> ACTIVITY
Everything from the line with "Die Polizei nimmt" down to the line with "Lampe de table Trophée en laiton et cristal" below must be printed exactly, those two lines included. Exclude pictures.

> DATA TO EXAMINE
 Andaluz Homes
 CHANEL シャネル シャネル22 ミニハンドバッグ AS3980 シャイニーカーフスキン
==
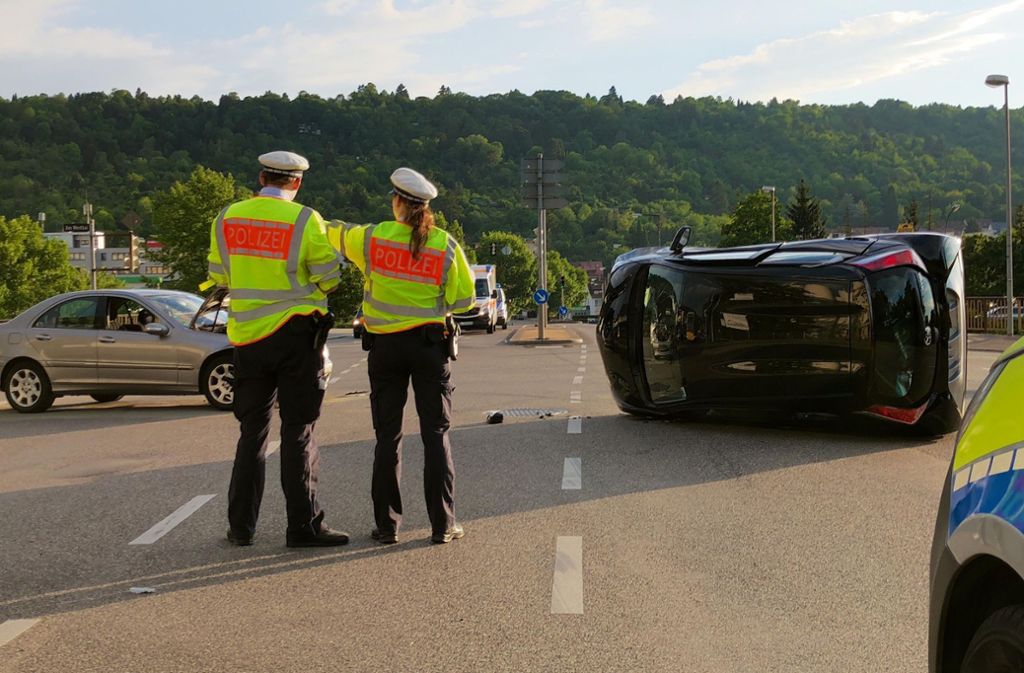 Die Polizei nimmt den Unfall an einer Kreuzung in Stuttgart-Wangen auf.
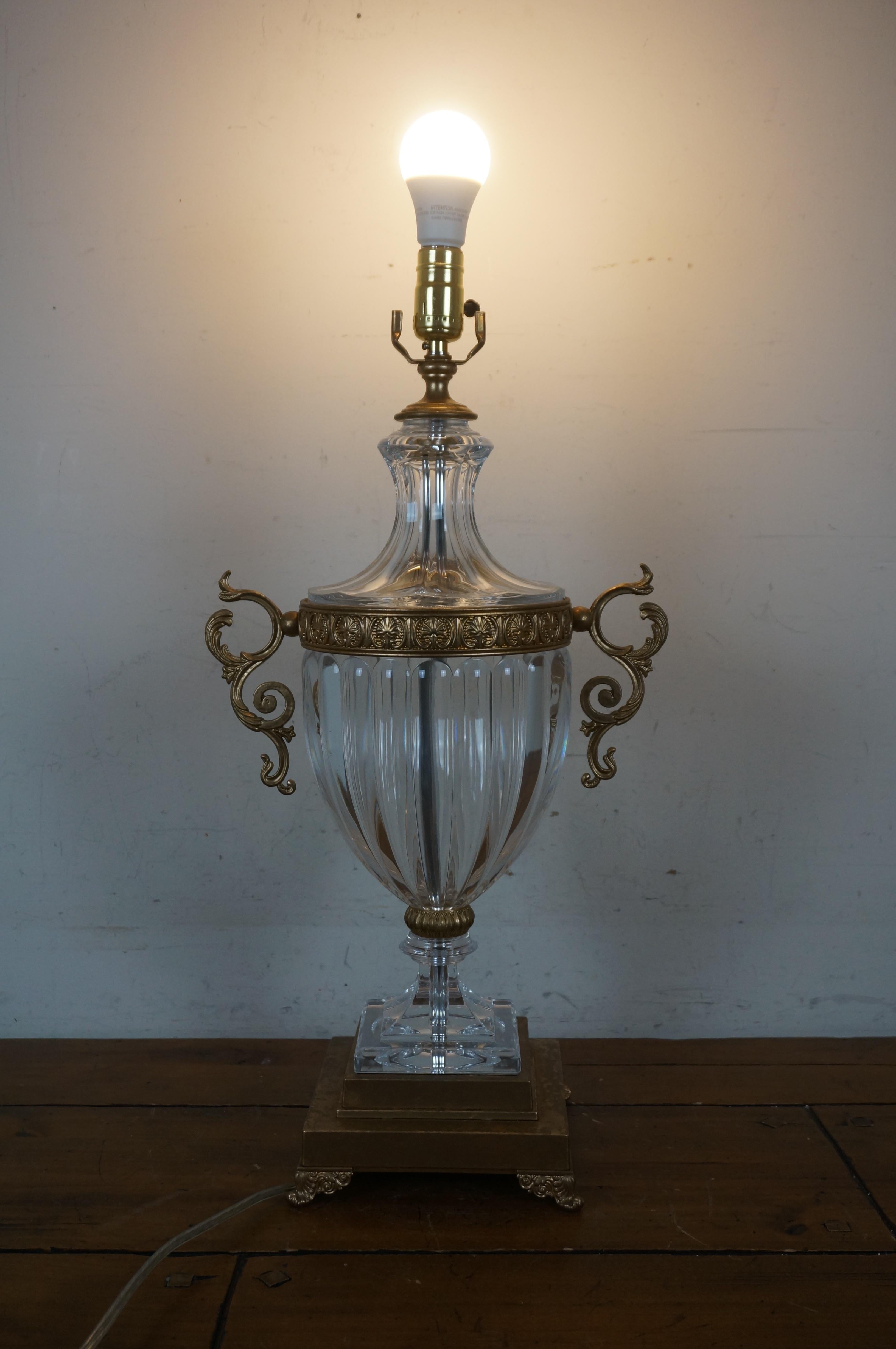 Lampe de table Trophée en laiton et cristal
* * *
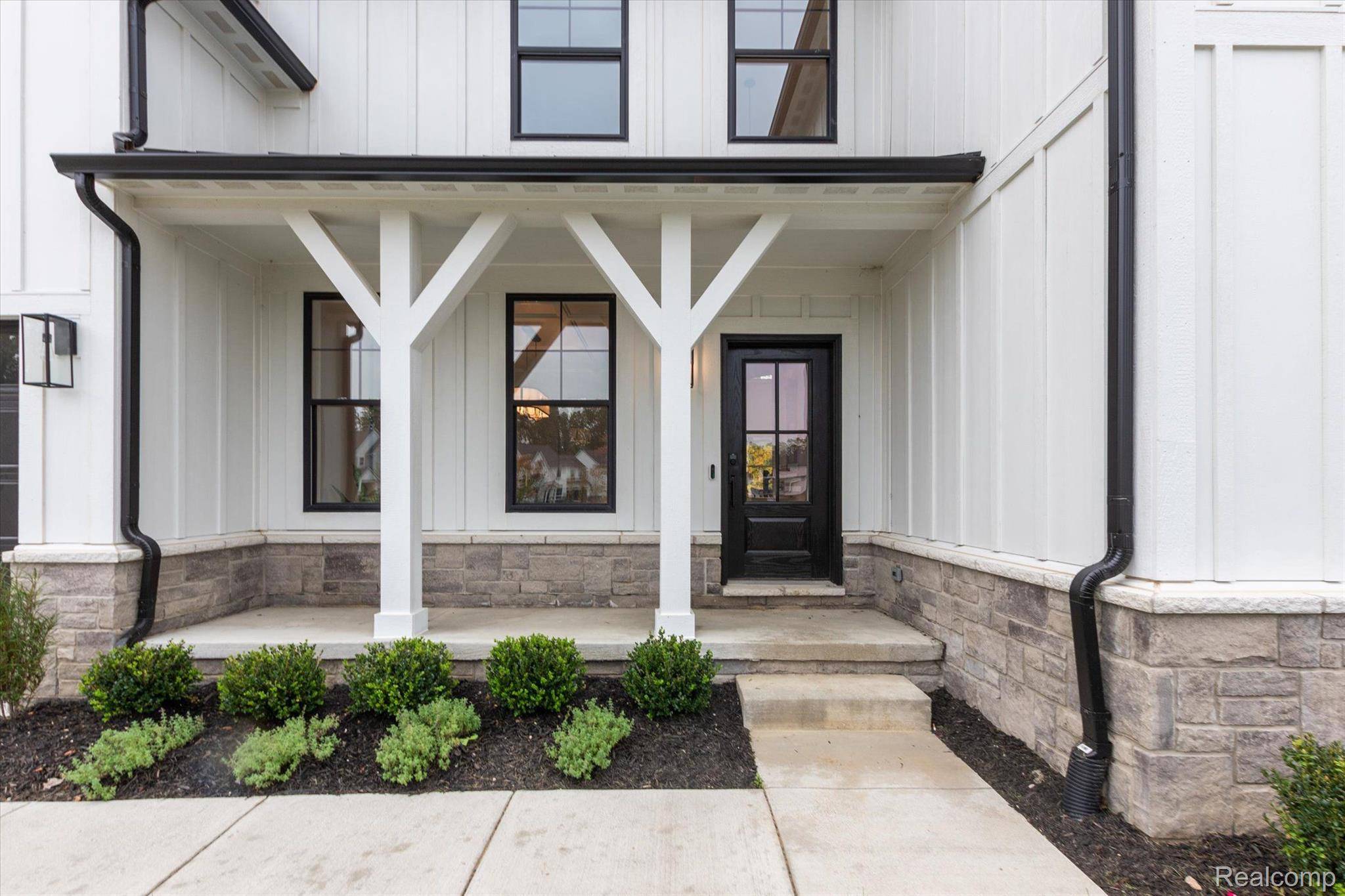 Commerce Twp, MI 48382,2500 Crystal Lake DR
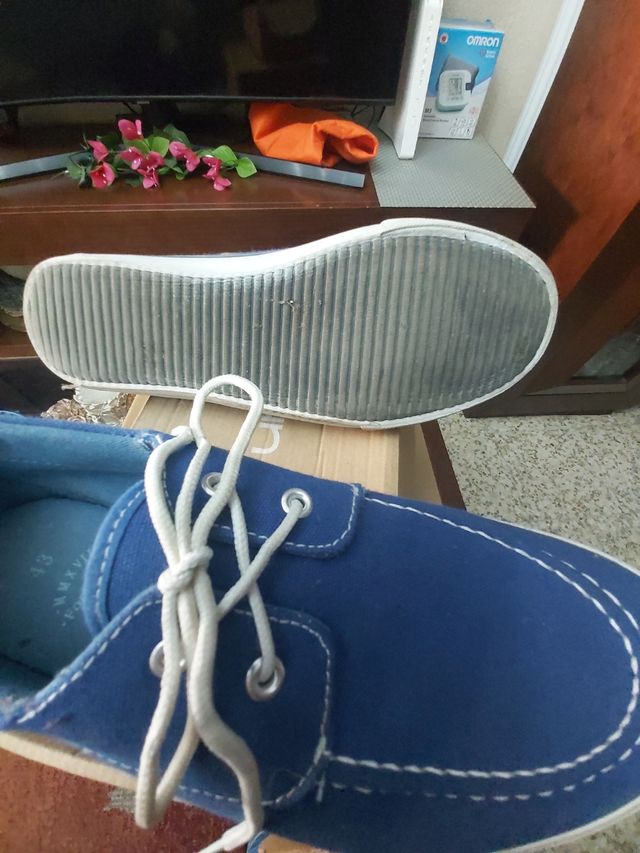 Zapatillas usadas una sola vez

> SOLUTION
 Die Polizei nimmt den Unfall an einer Kreuzung in Stuttgart-Wangen auf.
 Lampe de table Trophée en laiton et cristal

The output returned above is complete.